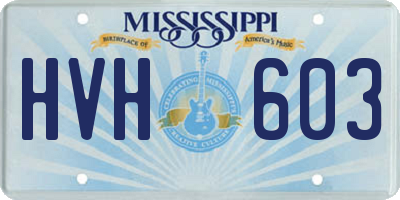 MS license plate HVH603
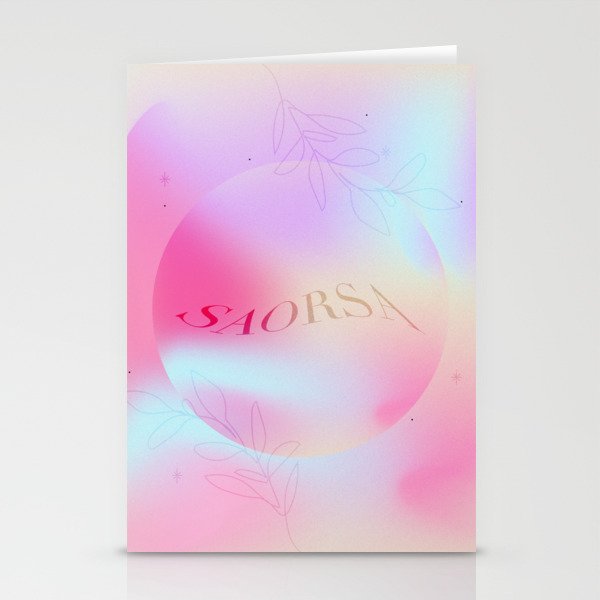 saorsa - freedom gradient energy vintage abstract pastel art  Stationery Cards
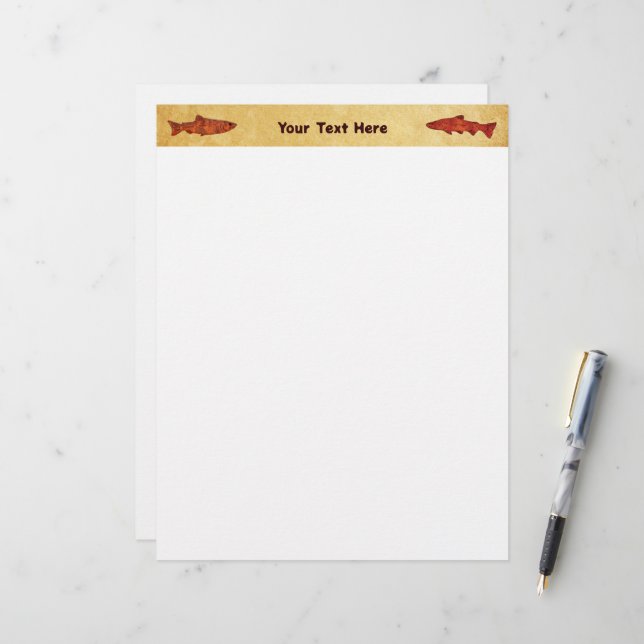 Rustic Trout Custom Letterhead (Front/Back In Situ)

═══

Set the preceding data down again word for word, omitting images.

 MS license plate HVH603
 saorsa - freedom gradient energy vintage abstract pastel art  Stationery Cards
 Rustic Trout Custom Letterhead (Front/Back In Situ)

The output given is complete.